Die Zonierung folgt einer klaren Hierarchie: Der Eingang erfolgt über die Strassenseite, introvertiert und geschützt. Er ist als präziser, überdeckter Einschnitt formuliert – mit Blickbezug auf den See und begleitet von Natursteinpflaster und zurückhaltender Vegetation. Innen öffnet sich das Gebäude in fliessenden Raumfolgen zum See hin – mit einem offenen Ensemble aus Wohnen, Essen und Kochen. Der zentrale Luftraum verbindet alle Geschosse miteinander und schafft vertikale Transparenz, Lichtführung und eine unerwartete räumliche Tiefe.

In der tibetischen Architektur gilt der vertikale Raum oft als symbolische Verbindung zwischen Erde und Himmel – zwischen dem Irdischen und dem Geistigen. Dieser Gedanke manifestiert sich hier subtil: Als räumliches Kontinuum, das Licht, Luft und Bewegung kanalisiert – und so zu einem inneren Resonanzraum wird, der die kulturelle Herkunft der Bewohner nicht abbildet, sondern räumlich interpretiert. In seiner Form erinnert der zentrale Luftraum an die Logik klösterlicher Innenhöfe – ruhig, geordnet, offen nach oben.

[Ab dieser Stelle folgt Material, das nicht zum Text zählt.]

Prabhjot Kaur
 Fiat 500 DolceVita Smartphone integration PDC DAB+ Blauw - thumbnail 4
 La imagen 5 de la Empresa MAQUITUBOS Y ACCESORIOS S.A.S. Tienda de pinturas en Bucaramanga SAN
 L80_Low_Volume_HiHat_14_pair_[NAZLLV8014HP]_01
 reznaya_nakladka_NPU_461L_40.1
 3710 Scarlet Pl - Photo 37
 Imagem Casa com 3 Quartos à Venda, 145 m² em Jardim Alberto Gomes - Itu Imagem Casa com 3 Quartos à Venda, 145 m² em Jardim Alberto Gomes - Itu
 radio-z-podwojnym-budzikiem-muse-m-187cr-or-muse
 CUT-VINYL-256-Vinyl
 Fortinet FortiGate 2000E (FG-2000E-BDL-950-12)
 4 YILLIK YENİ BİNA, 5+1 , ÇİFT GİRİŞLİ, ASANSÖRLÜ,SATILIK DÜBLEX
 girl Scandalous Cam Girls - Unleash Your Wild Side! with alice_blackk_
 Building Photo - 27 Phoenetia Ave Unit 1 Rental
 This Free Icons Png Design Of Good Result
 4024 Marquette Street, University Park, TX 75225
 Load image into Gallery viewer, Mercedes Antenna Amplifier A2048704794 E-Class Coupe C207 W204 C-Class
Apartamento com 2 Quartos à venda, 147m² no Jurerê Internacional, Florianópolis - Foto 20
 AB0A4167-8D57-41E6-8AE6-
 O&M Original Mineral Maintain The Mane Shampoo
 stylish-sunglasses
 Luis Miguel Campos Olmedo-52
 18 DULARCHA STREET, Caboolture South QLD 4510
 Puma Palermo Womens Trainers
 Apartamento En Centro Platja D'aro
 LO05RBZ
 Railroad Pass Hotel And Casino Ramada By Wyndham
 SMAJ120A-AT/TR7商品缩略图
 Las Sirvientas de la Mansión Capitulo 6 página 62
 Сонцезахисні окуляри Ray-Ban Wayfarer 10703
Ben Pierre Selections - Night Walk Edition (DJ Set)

Architektur und Haltung: Reduktion, Erdung, Weite

Die Architektur von Tenor setzt auf eine stille, fast selbstverständliche Präsenz. Sie verzichtet auf gestische Geste und sucht stattdessen nach einer dichten Beziehung zwischen Ort, Materialität und Proportion.
Zur Strasse hin zeigt sich das Haus geschlossen, fast introvertiert – eine zeitgenössische Übersetzung regionaler Bautraditionen. Der Eingangsbereich bleibt zurückhaltend ins Volumen eingeschnitten, die Schwelle zum Haus bewusst als Übergang formuliert. Zum See öffnet sich das Volumen vollständig: mit weiten Blickachsen, durchlässigen Übergängen und einer konsequenten Entgrenzung zwischen Innen und Aussen.

Diese Dualität – zwischen Schutz und Öffnung, Aussenwelt und Innenleben – spiegelt auch die doppelte Identität der Bauherrschaft wider. Das Haus wird so zum Ort der Vermittlung: zwischen zwei Kulturen, zwei Landschaften, zwei Sprachen der Raumerfahrung.

Materialität und Atmosphäre: Natur als Leitmotiv

Die Materialisierung folgt der Idee einer zurückhaltenden Sinnlichkeit – robust, geerdet, warm. Sichtbeton, lasiertes Holz, weisse mineralische Oberflächen und steinerne Texturen bestimmen den architektonischen Ausdruck.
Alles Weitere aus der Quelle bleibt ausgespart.